(Task to complete):
Output only the lines below that start at the line containing "Diwrnod Graddio i rai o'n plant bach. 🎓" and end at the line containing "2018 Ford Taurus SEL", with both ends kept.

(Caption-style text data)
- Opening Delimiter -

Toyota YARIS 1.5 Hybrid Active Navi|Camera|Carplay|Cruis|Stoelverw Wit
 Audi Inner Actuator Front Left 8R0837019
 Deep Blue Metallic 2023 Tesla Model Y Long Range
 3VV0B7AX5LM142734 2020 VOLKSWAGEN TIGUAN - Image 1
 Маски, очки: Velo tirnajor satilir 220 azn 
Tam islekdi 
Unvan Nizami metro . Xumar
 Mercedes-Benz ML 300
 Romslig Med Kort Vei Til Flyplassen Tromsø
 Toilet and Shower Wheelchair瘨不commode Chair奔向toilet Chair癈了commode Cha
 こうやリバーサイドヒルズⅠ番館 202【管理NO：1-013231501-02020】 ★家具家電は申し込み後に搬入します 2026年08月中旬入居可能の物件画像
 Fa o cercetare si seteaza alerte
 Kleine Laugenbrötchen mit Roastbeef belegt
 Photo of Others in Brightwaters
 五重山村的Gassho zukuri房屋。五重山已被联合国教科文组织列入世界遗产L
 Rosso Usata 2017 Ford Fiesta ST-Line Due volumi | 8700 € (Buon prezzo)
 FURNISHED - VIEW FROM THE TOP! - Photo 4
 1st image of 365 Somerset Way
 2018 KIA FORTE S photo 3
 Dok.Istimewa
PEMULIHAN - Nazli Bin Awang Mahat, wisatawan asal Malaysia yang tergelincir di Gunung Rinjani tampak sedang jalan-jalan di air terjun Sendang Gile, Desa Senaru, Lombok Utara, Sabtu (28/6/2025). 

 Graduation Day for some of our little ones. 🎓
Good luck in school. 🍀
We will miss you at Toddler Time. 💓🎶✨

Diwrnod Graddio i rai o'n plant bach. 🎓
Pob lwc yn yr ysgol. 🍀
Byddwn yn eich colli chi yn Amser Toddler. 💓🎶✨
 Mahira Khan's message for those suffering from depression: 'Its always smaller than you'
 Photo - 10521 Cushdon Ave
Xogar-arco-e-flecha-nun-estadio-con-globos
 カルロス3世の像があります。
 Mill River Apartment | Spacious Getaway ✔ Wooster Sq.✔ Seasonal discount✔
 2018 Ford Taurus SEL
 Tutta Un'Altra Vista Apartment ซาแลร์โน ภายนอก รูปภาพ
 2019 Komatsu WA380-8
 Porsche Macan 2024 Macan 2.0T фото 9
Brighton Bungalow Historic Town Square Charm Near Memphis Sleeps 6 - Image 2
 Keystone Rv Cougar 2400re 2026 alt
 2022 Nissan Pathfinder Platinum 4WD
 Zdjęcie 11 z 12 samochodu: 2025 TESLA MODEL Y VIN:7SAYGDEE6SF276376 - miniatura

- Closing Delimiter -

(Answer section):
Diwrnod Graddio i rai o'n plant bach. 🎓
Pob lwc yn yr ysgol. 🍀
Byddwn yn eich colli chi yn Amser Toddler. 💓🎶✨
 Mahira Khan's message for those suffering from depression: 'Its always smaller than you'
 Photo - 10521 Cushdon Ave
Xogar-arco-e-flecha-nun-estadio-con-globos
 カルロス3世の像があります。
 Mill River Apartment | Spacious Getaway ✔ Wooster Sq.✔ Seasonal discount✔
 2018 Ford Taurus SEL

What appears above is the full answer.